**What you will do**. For this exercise, retype all the data exactly and exclude every image.

**Caption-style text data**.
━━━━━━━━━━━━━━━━━━━━

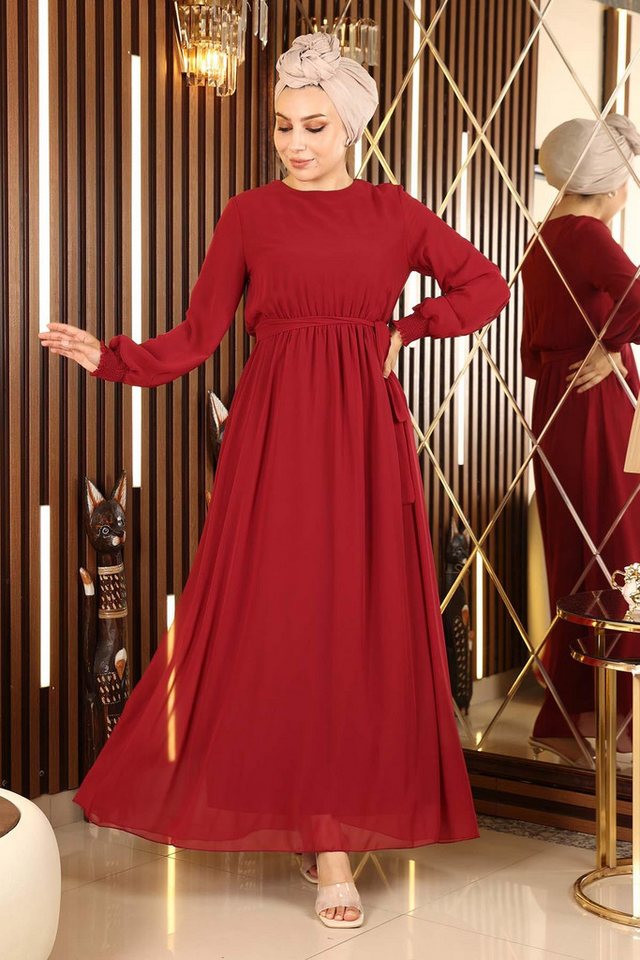 MODAMİHRAM Abendkleid KleidElastischer Saum Chiffon Abendkleid von MODAMİHRAM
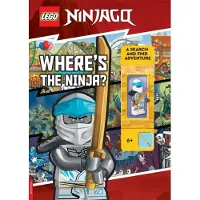 LEGO NINJAGO: Where’s the Ninja? A Search and Find Adventure (with Zane minifigure)
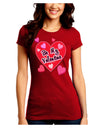 Be My Valentine Romantic Hearts Juniors Crew Dark T-Shirt-T-Shirts Juniors Tops-TooLoud-Red-Juniors Fitted Small-Davson Sales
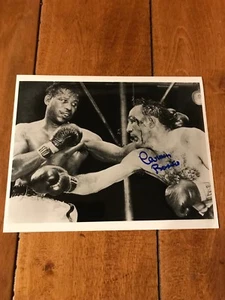Carmen Basilio SIGNED AUTOGRAPHED 8X10 PHOTO AUTO - Picture 1 of 3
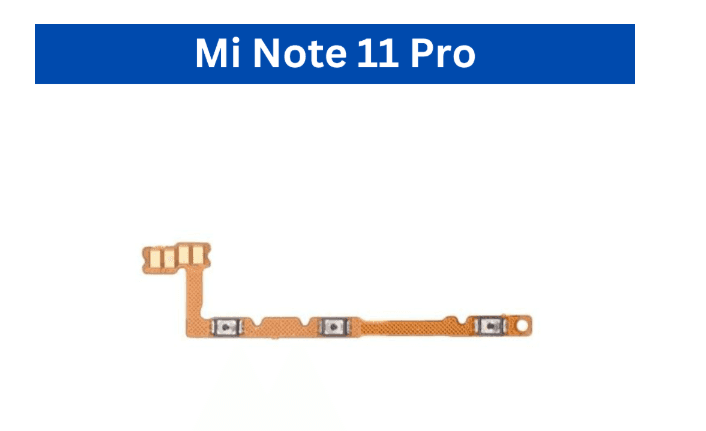 Mi Note 11/11s / Mi Note 11E/Poco M4/ Mi Note 11 Pro/Poco X4 /Mi Note 11T (5G)/K50i  Pro Power Volume Flex image 2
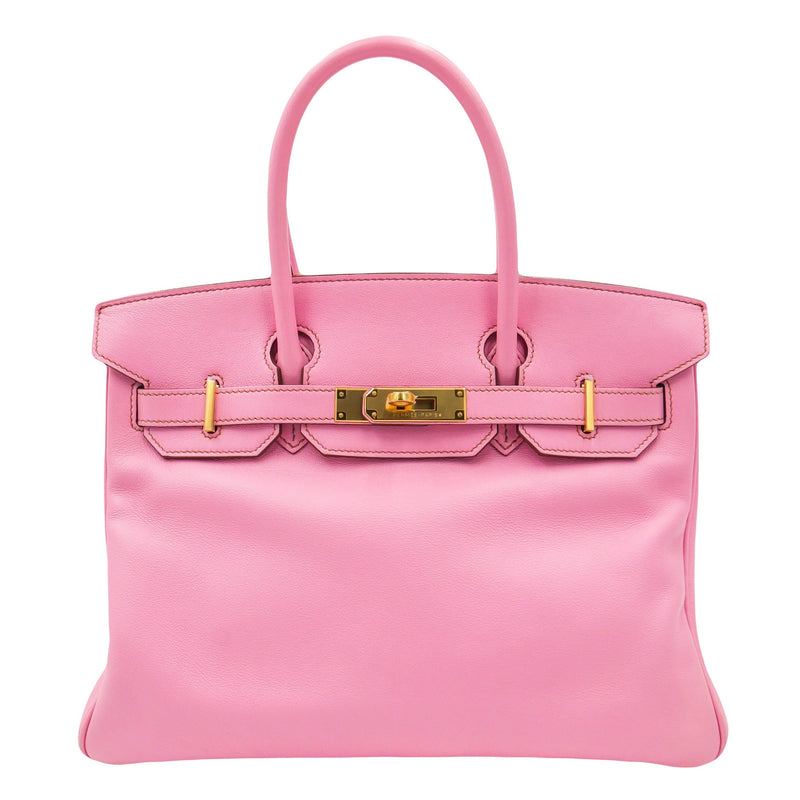 Herm�s 30cm Birkin Bubblegum Swift Leather Gold Hardware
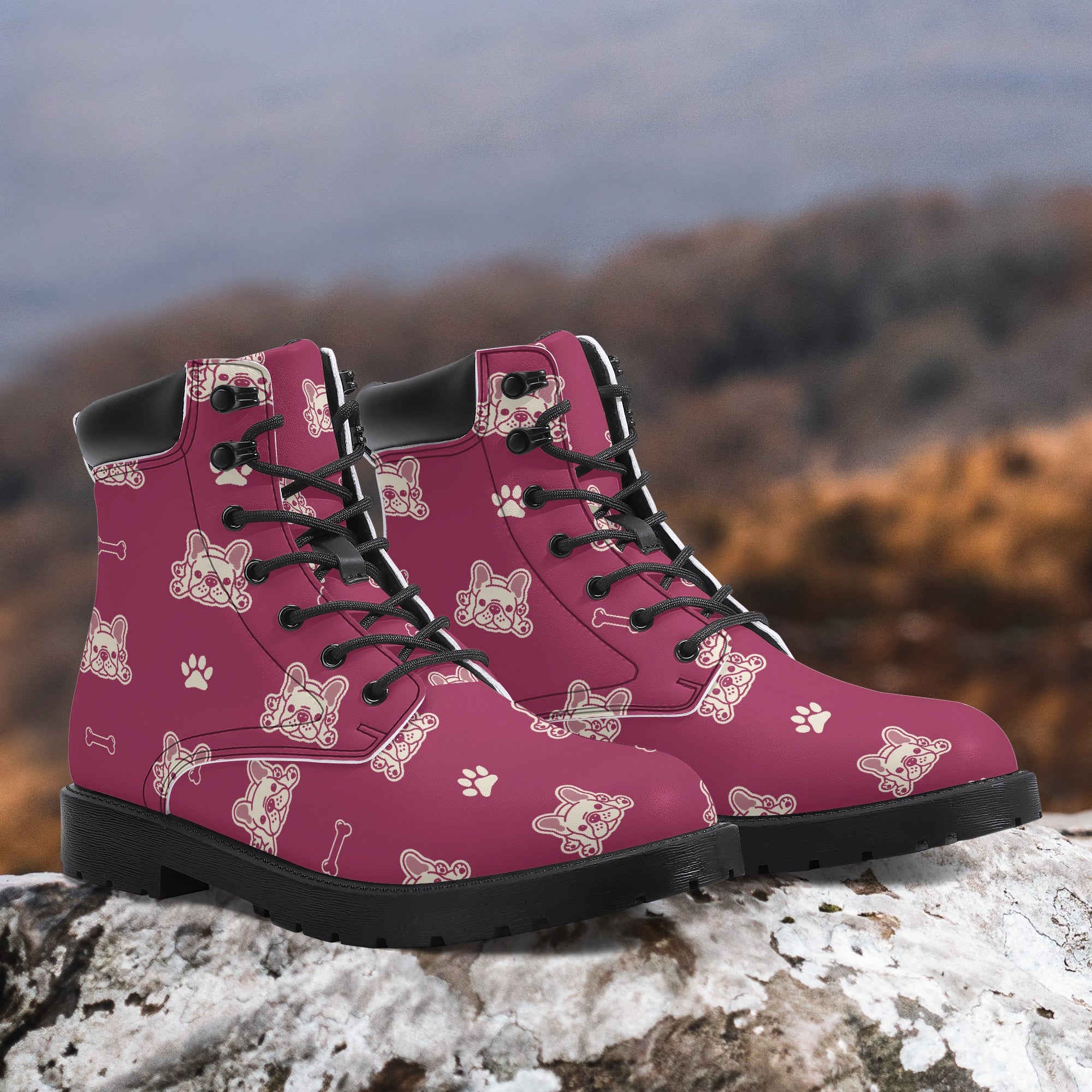 Buttons - Casual Leather Boot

━━━━━━━━━━━━━━━━━━━━

**Response area**.
 MODAMİHRAM Abendkleid KleidElastischer Saum Chiffon Abendkleid von MODAMİHRAM
 LEGO NINJAGO: Where’s the Ninja? A Search and Find Adventure (with Zane minifigure)
 Be My Valentine Romantic Hearts Juniors Crew Dark T-Shirt-T-Shirts Juniors Tops-TooLoud-Red-Juniors Fitted Small-Davson Sales
Carmen Basilio SIGNED AUTOGRAPHED 8X10 PHOTO AUTO - Picture 1 of 3
 Mi Note 11/11s / Mi Note 11E/Poco M4/ Mi Note 11 Pro/Poco X4 /Mi Note 11T (5G)/K50i  Pro Power Volume Flex image 2
 Herm�s 30cm Birkin Bubblegum Swift Leather Gold Hardware
 Buttons - Casual Leather Boot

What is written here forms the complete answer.